Paylaş
Politik olarak dünya düzeninde önemli taşların yerinden oynadığı bir yıl. Krizlerin ve savaşların yılı olarak tarihe geçecek. Aslında bu, değişen dünya ekonomik düzeninin habercisi veya yansıması olarak da görülebilir. Dünyada bir süredir “Yükselen Ekonomiler veya Pazarlar” adı altında geçen ülkeler artık birçok gelişmiş ülkenin önüne geçti. 2011’de Çin, ekonomik büyüklük olarak dünya ikincisi Japonya’yı solladı. Ve bugün Brezilya, ‘Üzerinde Güneş Batmayan Krallık’ İngiltere’yi geride bırakarak dünyanın altıncı büyük ekonomisi konumuna geldi. 2020 yılına kadar Hindistan ve Rusya’nın da Almanya, İngiltere, Fransa ve İtalya’yı geride bırakarak dünyanın dördüncü ve beşinci büyük ekonomileri olmaları bekleniyor. Gelişmiş ülkeler büyük bir krizle boğuşurken, diğerleri atı alıp Üsküdar’ı geçmiş bile.
Son 20 yılın parlayan yıldızı Çin, Rusya, Hindistan ve Brezilya’nın iki önemli ortak noktaları var. Birincisi çok kalabalık nüfusa sahipler. İkinci en önemli etken ise geniş toprakları ve ciddi doğal kaynaklara sahip olmaları. Belki teknoloji üretmekte batılılar kadar ileri değiller ama hızlı kopyalama ve doğru kaynak kullanımı ile büyük ekonomik güç haline geliyorlar. Teknolojide de adım adım gelişmişlere yaklaşıyorlar. Yakında pazar kapma ve kaynakları kontrol etme telaşıyla çıkarılan savaşlar da yetersiz kalacak.

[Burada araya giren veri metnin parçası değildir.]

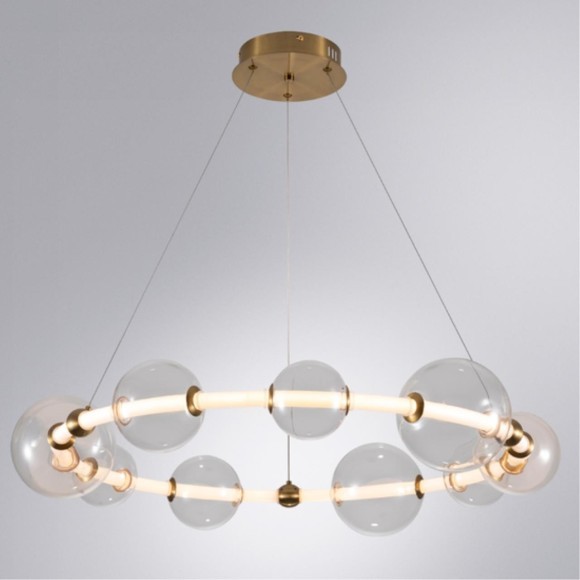 Подвесной светильник светодиодный с пультом Crocus A2780LM-40PB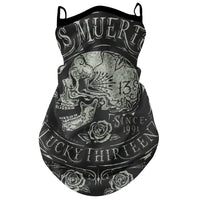 Retro Moto Cycling Sunscreen Mask Motorcycle Headscarf Summer Anti-UV Outdoor Neck Head Cover Riding Face Shield Sport Headwrap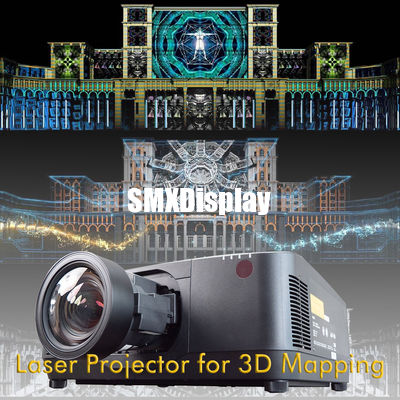 kupować Projektor laserowy 3LCD o dużej powierzchni 20000 lumenów do mapowania projektów 3D produkcja online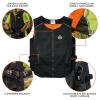 image:imageErgodyne ChillIts 6260 Lightweight Phase Change Cooling Vest with Rechargeable PacksBlack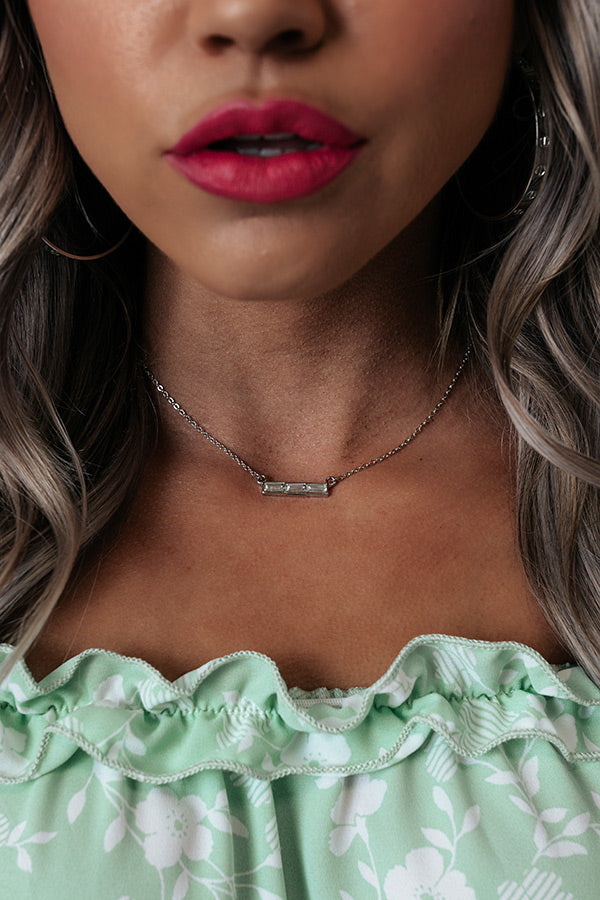 Cambridge Campus Necklace In Silver Image - 1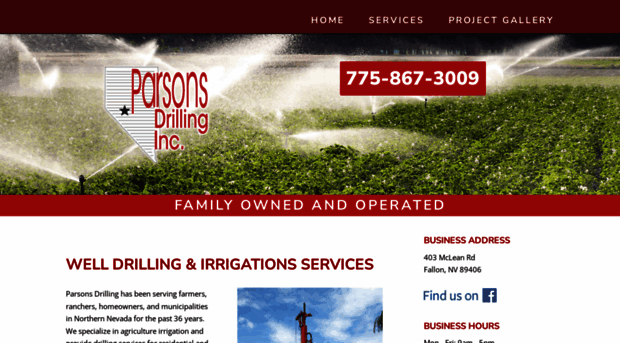 parsonsdrilling.com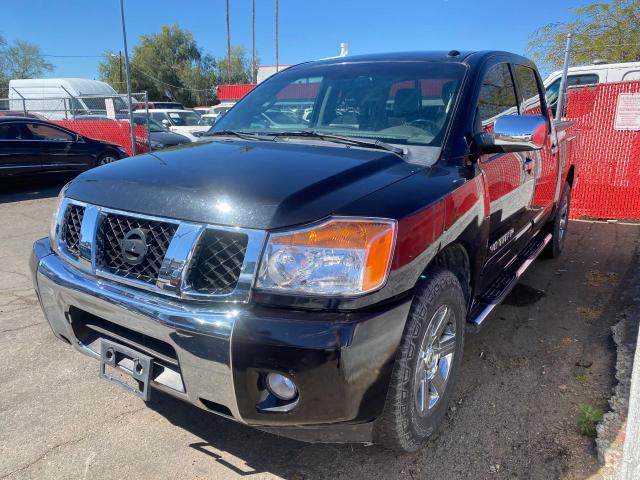 Photo 1 VIN: 1N6BA0ED2DN309945 - NISSAN TITAN 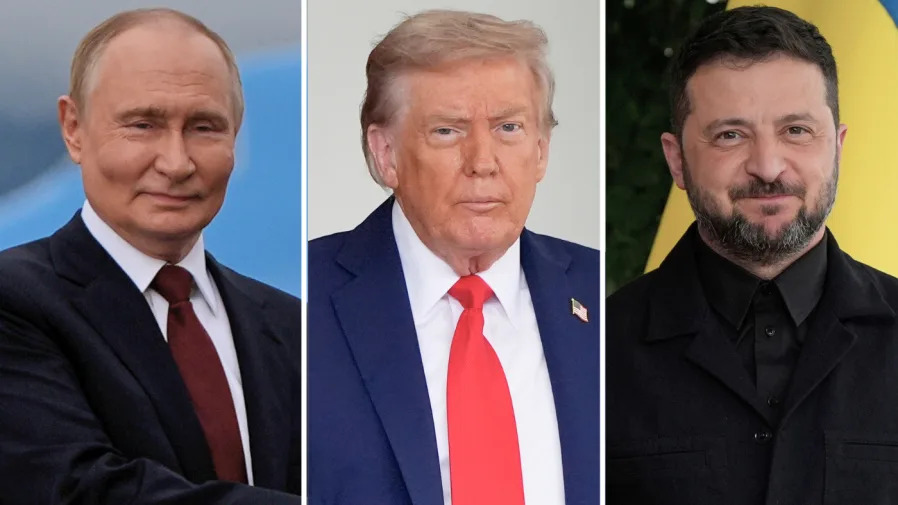 Trump: ‘Better’ if Putin, Zelensky meet without him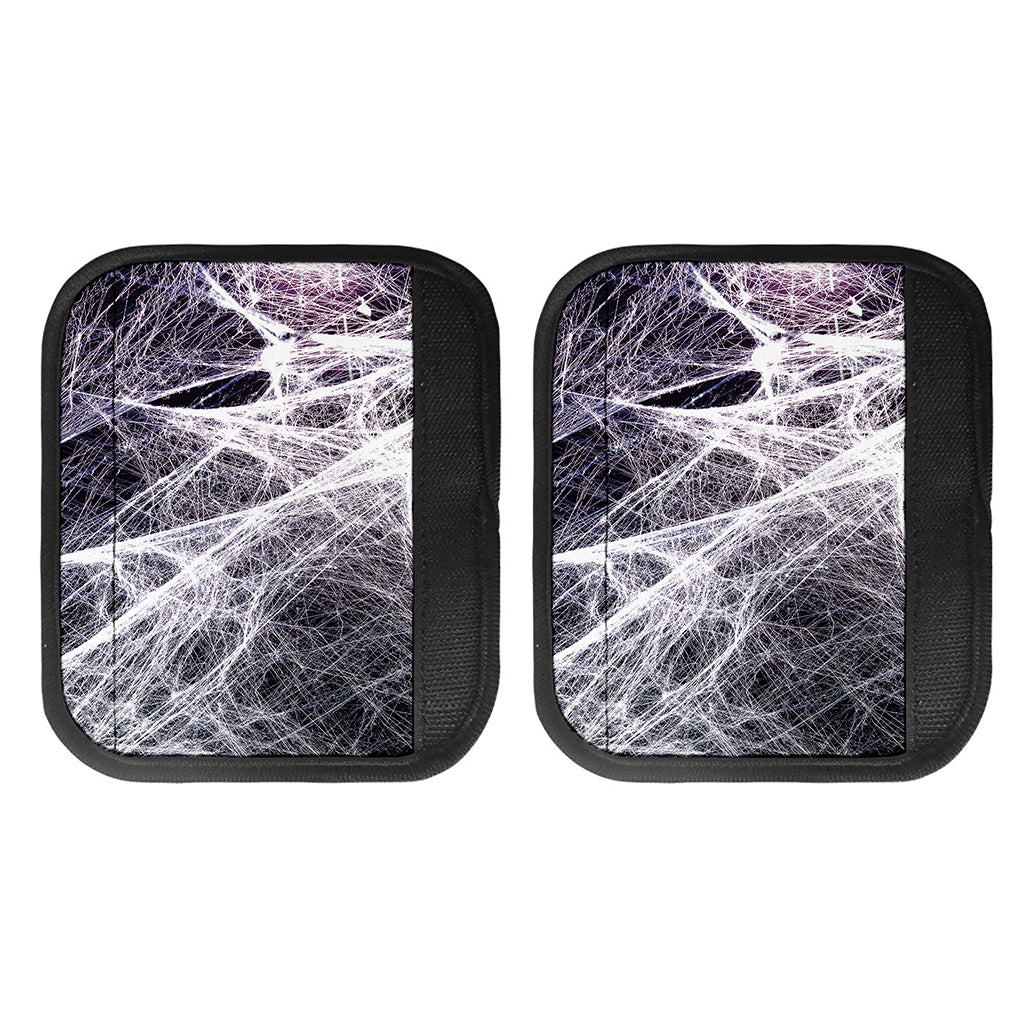 Horror Cobweb Print Handle Covers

İzmir neden ilk 10 şehirden biri olmasın
Gelecekle ilgili hedeflerimizi koyarken şehrimizin de kendine göre hedeflerini ortaya koyması gerekiyor.
2023 yılında Türkiye’nin yaşam standardı ve kalitesi en yüksek şehri olmak bunlardan biri olabilir. Dünyada en çok ziyaret edilen 10 şehirden biri olmak da hedeflerimizden biri olabilir. 2020 yılı EXPO adaylığımız bu amaç uğrunda çok önemli bir araç haline getirilebilir. Eğer yaşam kalitesi en yüksek şehirlerden biri haline gelmeyi hedeflersek; bu bizi kültürel, sosyal ve ticari açıdan da etkin ve cazip bir konuma getirecektir. İzmir daha önce olduğu gibi, çevresindeki tarihi, doğal ve kültürel zenginlikleri ile çok cazip bir turizm destinasyonu olabilir.
Turizmde kümelenme bu konuda etkin bir araç olarak kullanılabilir.
Yeter ki istek ortaya konsun, yeter ki işbirliği ve ortak çalışma kültürünün dinamizmi ve sinerjisi yakalansın. Yeter ki doğru hedef ve amaç ortaya konsun.
2012 yılında gelişme değil, sıçrama yapan bir İzmir temennisiyle, tüm Hürriyet okurlarının yeni yılını kutlar, sağlık, mutluk ve esenlikler dilerim.
Türkiye ekonomisi ilk 10’a girebilir mi?
Türkiye Cumhuriyeti’nin kuruluşunun 100. yıldönümünde hedefimiz dünyanın en büyük 10 ekonomisinden biri olmak. Bunun kısaca özeti: “Hedefimiz, İtalya’dan biraz daha büyük bir ekonomi haline gelebilmek”tir. Çünkü o yıllarda bugün için sekizinci sırada olan İtalya, 10’uncu sıraya gerilemiş olacak.
Türkiye’nin dünyanın 10’uncu büyük ekonomisi olma hedefinin yanı sıra bir de yıllık 500 milyar dolar ihracat hedefi de var. Fakat hiç bahsedilmeyen başka bir rakam da ithalatta. Türkiye’nin 2023 yılında 650-700 milyar dolarlık ithalat yapması öngörülüyor.
Yani cari açık tavan yapacak ve biz 10’uncu büyük olacağız. İthalatla büyüyüp ihracatımızı artıracağız. Kendi kaynaklarımıza, insanımıza ve beyin gücümüze dayalı bir büyümeyi öngörmeyeceğiz. Ama ilk 10’a gireceğiz. Bana pek inandırıcı gelmiyor.